Tree node token is a 40-character SHA-1 checksum of a node as described above.

Tokenset name starts with letter S. The rest is an arbitrary sequence of word characters.

The special token SS is reserved for tokensets list. Also tokenset parameters are inherited from this token's parameters.

View and monitor names must be unique, and must start with a lower case letter.

Git storage

A Torrus instance uses a number of Git branches for each tree configuration. The XML compiler is the only writer, and consumers are only reading from the Git repositories. Both writing and reading is done directly on local Git repositories, so working directories are not needed. If the writer and reader are on the same host, they use the same Git repository. Otherwise, the writer pushes its commits to a remote repository, and the reader pulls from it. The reader sets an exclusive lock on the repository for the time of fetching and merging, so that other readers don't try to pull at the same time.

Each tree has its own set of branches. The TREE_configtree branch contains a full hierarchy of objects, so all parameters that are defined in the input XML are retrievable. Typically the Web UI renderer is consuming this data.

The TREE_srcfiles branch contains XML files that are used by the XML compiler. While processing the XML files, it adds them into this branch in order to track the changes in XML sources.

Also there's a number of agent branches, one per agent instance (collectors and monitors are typical agents): TREE_DAEMON_INSTANCE. Each such branch contains only the information and parameters needed by the agent, so that the agent process can start and update its data as fast as possible.

A Git reference refs/heads/TREE_agents_ref is used to indicate the commit in TREE_configtree branch that corresponds to the current heads in agent branches. This reference is moved when the agent branches are updated.
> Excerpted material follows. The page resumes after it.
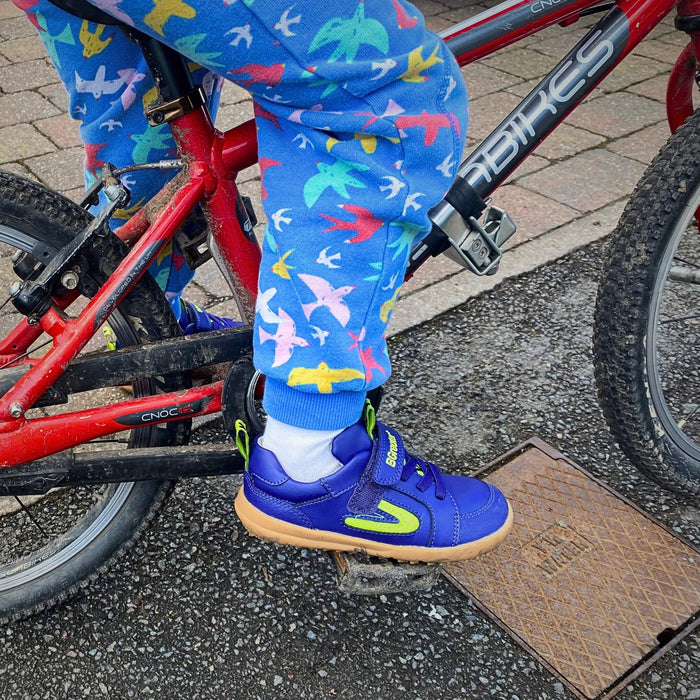 Boy wearing blue winter style trainers on bike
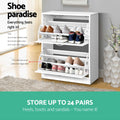 White flip-down shoe cabinet both doors open showing 24 pairs storage capacity with shoes loaded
The TREE_agent_tokens branch is used to store the information which agent branches have which tokens. It is needed for deleting tokens from agent branches when they are deleted from configtree branch. The branch contains two-level 256-way directory hierarchy, for every token, and the JSON files contain arrays with agent branch names where a particular token is used.

The TREE_configtree branch has subdirectories as follows. The directories nodes and children contain JSON files named after the node tokens, arranged into two-level 256-way tree structure. For example, the file for token b7ba0d88a0b14a4e6c3c61f5446aa619a537098f is stored as b7/ba/0d88a0b14a4e6c3c61f5446aa619a537098f.

nodes/: the JSON content defines the node's type, name, parent's token, and parameters.
children/: tor each subtree node, there is a JSON file defining a hash with child tokens as keys and "1" as values.
srcrefs: a JSON hash representing dependencies of nodes from XML files. It's a two-level hash: the first key is the source file name, the second key is the token of topmost dependent node, and the value is "1".
srcglobaldeps: a JSON hash representing the XML source files which define parameter properties, definitions, or templates. The keys are file names, and values are "1".
srcrev: A file containing a JSON scalar referring to the commit in XML sources.
srcincludes: A file containing a JSON hash with source XML files as keys and arrays of included file names as values. The order in the array is the same as the order of "include" statements in the XML file. The key __ROOT__ indicates the XML files where the compilation started. Every source XML file is listed here, and those which do not include other files, have empty arrays.
nodeid/: two-level 256-way directory structure. Each file is a SHA-1 digest of nodeid value. The content of the file is a JSON array of the nodeid value and node token.
nodeidpx/: nodeid prefix searching database. Each nodeid value is split by standard delimiters (two consecutive slashes), and each resulting prefix is used to build a key in this hierarchy. Two-level 256-way directory structure is built from SHA-1 digests of these keys. The directories contain zero-length files representing the SHA-1 digests of nodeid values.
definitions/: each file is a definition name, and the content is a JSON scalar returning the definition value.
other/: JSON objects for views, monitors, and actions definitions. Files are named after the view, monitor, or action name, and the content is a hash with parameters defining each object. The following special files are JSON hashes of object names and "1" as values of corresponding types: __VIEWS__, __MONITORS__, __ACTIONS__.
paramprops: a single JSON file defining parameter properties in two-level hash.

The srcdef structure is mainly required for recursive deletion of nodes if a corresponding XML file is changed or deleted.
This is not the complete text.